* What needs to be done *
Reproduce, exactly and only, the lines of the data that follows from the one containing "Long line at Delta this morning" down to the one containing "Large U-Shaped Garden", without pictures.

* Available data *

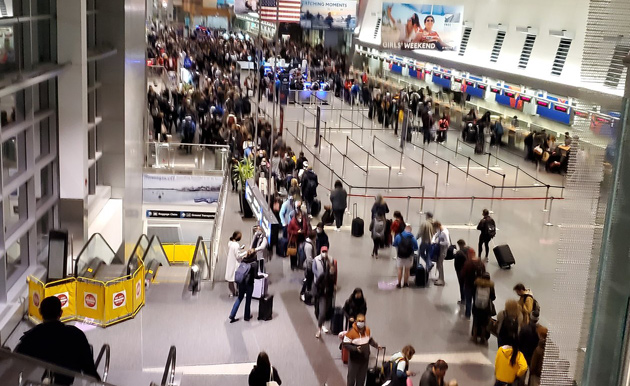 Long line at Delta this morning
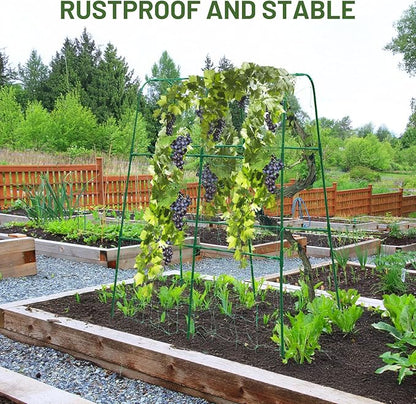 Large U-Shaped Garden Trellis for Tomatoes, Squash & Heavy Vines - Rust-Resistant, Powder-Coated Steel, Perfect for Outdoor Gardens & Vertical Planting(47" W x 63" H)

==

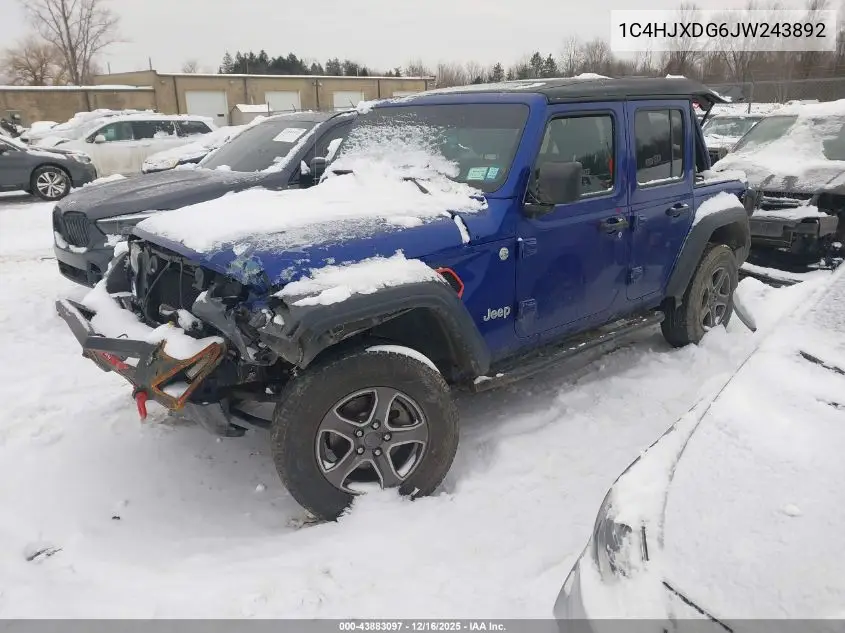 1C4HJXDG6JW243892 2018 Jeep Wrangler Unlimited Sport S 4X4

* Response box *
 Long line at Delta this morning
 Large U-Shaped Garden Trellis for Tomatoes, Squash & Heavy Vines - Rust-Resistant, Powder-Coated Steel, Perfect for Outdoor Gardens & Vertical Planting(47" W x 63" H)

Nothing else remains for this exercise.